Named by BOT chair Hugh Caison at the trustees’ July meeting, committee members include Pender County Commissioner Jimmy Tate, who chairs the committee, New Hanover County Commissioner Dane Scalise, business development consultant Perry Chappell, former LabCorp executive Traci Butler, and Student Government Association President Skyler Stein.

They held their first meeting on Wednesday, with most people attending via Zoom. Another is scheduled for later this month, ahead of the university’s deadline to submit a DEI compliance report on Sept. 1.   

“Over the next several weeks, your role will be to learn about UNCW’s equality policy compliance actions and ensure that they align with the policies protection for of equality for all persons, and affirm UNCW’s 2025 Certification Report, so that when we submit the report, we are doing so with the confidence and support of the board,” Vice Chancellor for Student Affairs Christine Reed Davis said Wednesday.  

At the meeting, Davis presented UNCW’s response to DEI mandates thus far, all previously reported by the university, and then the subcommittee held further discussion in closed session, away from the public. 

The subcommittee was formed at the behest of the UNC System. On June 17, the UNC System Board of Governors’s Chair Wendy Murphy and governance committee chair Alex Mitchell issued a memo mandating each university form a subcommittee to ensure compliance with its 2024 “equality policy.” The policy repealed and barred DEI guidelines and departments from all campuses and required administrators to remain “neutral” on political controversies. 

It also required a Sept. 1, 2024, initial report on how the university has complied with a recertification, with followup reports due on the same date every year thereafter. 

Last September, campuses eliminated dozens of jobs, while another 131 positions were changed, as reported by The Assembly. In total, UNC System schools reported redirecting $16 million from former DEI programs to “student success” and “wellbeing” efforts, including $1.45 million at UNCW.

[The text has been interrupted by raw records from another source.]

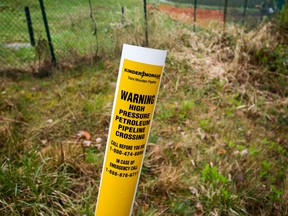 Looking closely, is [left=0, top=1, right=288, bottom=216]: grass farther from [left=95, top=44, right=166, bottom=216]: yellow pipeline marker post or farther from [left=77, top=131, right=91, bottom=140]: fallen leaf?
[left=95, top=44, right=166, bottom=216]: yellow pipeline marker post

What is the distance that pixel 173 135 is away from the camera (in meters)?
3.55

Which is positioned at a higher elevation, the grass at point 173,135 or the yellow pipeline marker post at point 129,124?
the yellow pipeline marker post at point 129,124

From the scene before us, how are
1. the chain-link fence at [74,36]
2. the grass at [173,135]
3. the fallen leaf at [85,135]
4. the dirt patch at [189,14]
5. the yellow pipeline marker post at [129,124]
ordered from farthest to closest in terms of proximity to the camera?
the dirt patch at [189,14] → the chain-link fence at [74,36] → the fallen leaf at [85,135] → the grass at [173,135] → the yellow pipeline marker post at [129,124]

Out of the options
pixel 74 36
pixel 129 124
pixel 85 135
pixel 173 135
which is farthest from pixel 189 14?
pixel 129 124

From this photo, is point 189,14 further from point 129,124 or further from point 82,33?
point 129,124

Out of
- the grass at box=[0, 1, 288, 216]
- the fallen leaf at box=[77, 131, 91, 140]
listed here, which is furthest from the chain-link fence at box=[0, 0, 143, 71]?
the fallen leaf at box=[77, 131, 91, 140]

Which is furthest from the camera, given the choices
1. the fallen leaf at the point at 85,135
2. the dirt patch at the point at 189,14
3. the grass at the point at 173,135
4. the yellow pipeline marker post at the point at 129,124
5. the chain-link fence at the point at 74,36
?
the dirt patch at the point at 189,14

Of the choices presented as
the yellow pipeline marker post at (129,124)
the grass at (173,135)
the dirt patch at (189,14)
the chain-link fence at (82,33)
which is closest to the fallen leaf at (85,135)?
the grass at (173,135)

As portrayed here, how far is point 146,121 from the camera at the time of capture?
1267mm

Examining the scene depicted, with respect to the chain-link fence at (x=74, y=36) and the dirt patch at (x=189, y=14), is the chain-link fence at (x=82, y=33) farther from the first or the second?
the dirt patch at (x=189, y=14)

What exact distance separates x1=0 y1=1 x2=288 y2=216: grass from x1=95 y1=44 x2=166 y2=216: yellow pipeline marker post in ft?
3.33

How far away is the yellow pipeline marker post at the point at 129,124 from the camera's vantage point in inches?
45.8

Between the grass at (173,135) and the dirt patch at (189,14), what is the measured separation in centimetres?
96

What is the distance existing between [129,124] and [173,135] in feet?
7.79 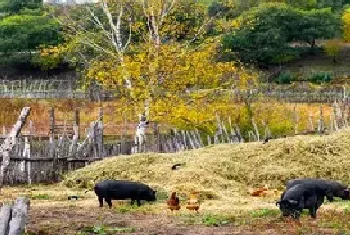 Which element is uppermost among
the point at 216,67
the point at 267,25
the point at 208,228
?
the point at 267,25

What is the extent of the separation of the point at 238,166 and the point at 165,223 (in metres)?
6.03

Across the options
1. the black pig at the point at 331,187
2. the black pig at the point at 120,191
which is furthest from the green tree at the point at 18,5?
the black pig at the point at 331,187

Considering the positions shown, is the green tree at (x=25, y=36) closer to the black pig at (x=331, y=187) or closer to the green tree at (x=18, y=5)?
the green tree at (x=18, y=5)

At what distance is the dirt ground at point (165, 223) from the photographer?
10.6 m

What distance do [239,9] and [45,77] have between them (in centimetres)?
1725

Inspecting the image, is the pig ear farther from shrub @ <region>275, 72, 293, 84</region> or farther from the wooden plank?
shrub @ <region>275, 72, 293, 84</region>

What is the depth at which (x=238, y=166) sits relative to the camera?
17344 mm

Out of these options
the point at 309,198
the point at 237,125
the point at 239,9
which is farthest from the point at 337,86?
the point at 309,198

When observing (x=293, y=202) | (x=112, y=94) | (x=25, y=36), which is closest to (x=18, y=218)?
(x=293, y=202)

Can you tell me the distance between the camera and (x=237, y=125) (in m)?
24.5

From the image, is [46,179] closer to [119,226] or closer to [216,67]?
[216,67]

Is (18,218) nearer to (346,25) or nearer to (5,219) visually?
(5,219)

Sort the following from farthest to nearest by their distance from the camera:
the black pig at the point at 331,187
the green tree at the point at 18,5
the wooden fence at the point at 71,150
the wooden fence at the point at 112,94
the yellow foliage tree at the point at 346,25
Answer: the green tree at the point at 18,5, the yellow foliage tree at the point at 346,25, the wooden fence at the point at 112,94, the wooden fence at the point at 71,150, the black pig at the point at 331,187

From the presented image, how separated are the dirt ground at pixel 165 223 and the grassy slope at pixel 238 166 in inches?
135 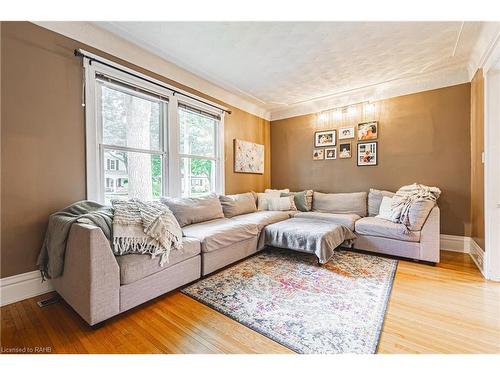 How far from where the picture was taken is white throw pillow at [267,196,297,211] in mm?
3936

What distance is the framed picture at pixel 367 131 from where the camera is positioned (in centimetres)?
380

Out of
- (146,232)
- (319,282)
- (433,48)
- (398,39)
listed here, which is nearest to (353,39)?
(398,39)

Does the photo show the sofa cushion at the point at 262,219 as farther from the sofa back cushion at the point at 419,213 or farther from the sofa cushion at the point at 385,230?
the sofa back cushion at the point at 419,213

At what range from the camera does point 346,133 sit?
4078 mm

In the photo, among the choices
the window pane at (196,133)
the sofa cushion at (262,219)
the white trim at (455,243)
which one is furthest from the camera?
the window pane at (196,133)

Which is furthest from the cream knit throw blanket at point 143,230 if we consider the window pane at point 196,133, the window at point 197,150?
the window pane at point 196,133

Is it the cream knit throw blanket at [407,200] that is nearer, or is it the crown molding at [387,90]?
the cream knit throw blanket at [407,200]

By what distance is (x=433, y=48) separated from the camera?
261cm

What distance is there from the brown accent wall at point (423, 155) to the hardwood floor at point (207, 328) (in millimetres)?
1625

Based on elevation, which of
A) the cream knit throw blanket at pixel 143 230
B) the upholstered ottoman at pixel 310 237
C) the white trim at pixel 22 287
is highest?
the cream knit throw blanket at pixel 143 230

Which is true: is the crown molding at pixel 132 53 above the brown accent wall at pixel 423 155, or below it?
above

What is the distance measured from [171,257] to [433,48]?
3.65 m

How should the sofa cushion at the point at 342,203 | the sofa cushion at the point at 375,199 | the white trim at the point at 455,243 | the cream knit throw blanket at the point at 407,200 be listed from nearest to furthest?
the cream knit throw blanket at the point at 407,200, the white trim at the point at 455,243, the sofa cushion at the point at 375,199, the sofa cushion at the point at 342,203
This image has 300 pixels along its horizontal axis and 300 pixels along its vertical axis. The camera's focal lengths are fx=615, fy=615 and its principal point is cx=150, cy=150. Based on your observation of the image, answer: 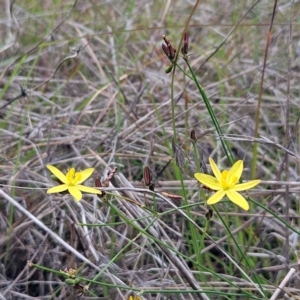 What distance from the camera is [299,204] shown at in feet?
4.31

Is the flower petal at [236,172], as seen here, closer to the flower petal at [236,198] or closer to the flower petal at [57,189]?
the flower petal at [236,198]

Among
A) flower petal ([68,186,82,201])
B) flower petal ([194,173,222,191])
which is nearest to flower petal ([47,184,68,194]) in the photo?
flower petal ([68,186,82,201])

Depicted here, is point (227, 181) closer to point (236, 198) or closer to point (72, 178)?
point (236, 198)

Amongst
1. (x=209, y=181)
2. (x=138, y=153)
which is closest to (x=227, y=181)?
(x=209, y=181)

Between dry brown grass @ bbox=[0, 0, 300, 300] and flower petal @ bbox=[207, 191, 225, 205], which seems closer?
flower petal @ bbox=[207, 191, 225, 205]

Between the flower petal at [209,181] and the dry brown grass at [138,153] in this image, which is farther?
the dry brown grass at [138,153]

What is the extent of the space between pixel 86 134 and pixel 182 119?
300 millimetres

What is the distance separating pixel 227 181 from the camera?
84 cm

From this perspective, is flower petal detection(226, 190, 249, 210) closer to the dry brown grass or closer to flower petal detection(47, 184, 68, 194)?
the dry brown grass

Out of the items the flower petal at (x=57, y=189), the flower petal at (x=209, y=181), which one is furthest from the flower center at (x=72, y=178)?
the flower petal at (x=209, y=181)

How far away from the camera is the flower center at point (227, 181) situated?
0.84 metres

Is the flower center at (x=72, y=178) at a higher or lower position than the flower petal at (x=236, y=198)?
lower

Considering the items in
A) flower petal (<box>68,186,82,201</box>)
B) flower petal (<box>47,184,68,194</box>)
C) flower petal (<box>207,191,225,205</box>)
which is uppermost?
flower petal (<box>207,191,225,205</box>)

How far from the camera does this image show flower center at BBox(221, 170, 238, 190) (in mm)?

According to the  memo, recertification reports due Sept. 1 will require a “meaningful verification that those realignments succeeded, and each board of trustees has a collective role to play in that verification.” 

This includes confidential hearings from the chancellor on employee performances of any employees reassigned as part of the equality policy, as well as “anyone with vague or unclear titles within student affairs operations.” 

The review will compare the employee’s prior and current position and examine “safeguard” to ensure the employee’s previous responsibilities are not continuing in the new role. Confidential briefings from the chancellor on any disciplinary action taken against personnel should occur at this time as well, the memo states. 

According to Davis, staff at the next meeting will brief the committee on how UNCW has ensured compliance to the DEI mandates in training, its webpage and programming and curriculum compliance. Leadership will also provide a “more robust confidential personnel update” on employees that were moved from the Office of Institutional Diversity and Inclusion to other positions.

Port City Daily asked the university to expand on what the next UNCW subcommittee will entail, including if employees will be brought in to speak. A UNCW spokesperson said the affected employees are not scheduled to be present before the subcommittee. 

Though, because of the personnel involvement, large portions of the meeting could take place in closed session, like what occurred on Wednesday.

More details on the committee’s doings were not forthcoming from its members, either. 

The only person to respond to PCD was SGA President Stein, who explained he didn’t request to be on the subcommittee, but nonetheless thought his inclusion represented the BOT chair’s commitment to the student voice.

PCD asked him to comment on the vision for the committee, if he had any reason to believe anyone at UNCW was not complying with DEI policy, and public perception of the committee.

“Yesterday’s meeting was very insightful, and I’m looking forward to the information provided at our next one,” Stein wrote in an email. “I believe the subcommittee is simply here to make sure everything is in order, not to spread fear, and I haven’t seen any evidence of noncompliance with DEI mandates. I think students have done a great job of rallying together in support of each other, and I look forward to seeing that continue this year.”

Trustee Chappell declined PCD’s interview request. Trustee Tate picked up the phone on two separate occasions, both times saying he was walking into a meeting and would call back; he did not and didn’t respond thereafter.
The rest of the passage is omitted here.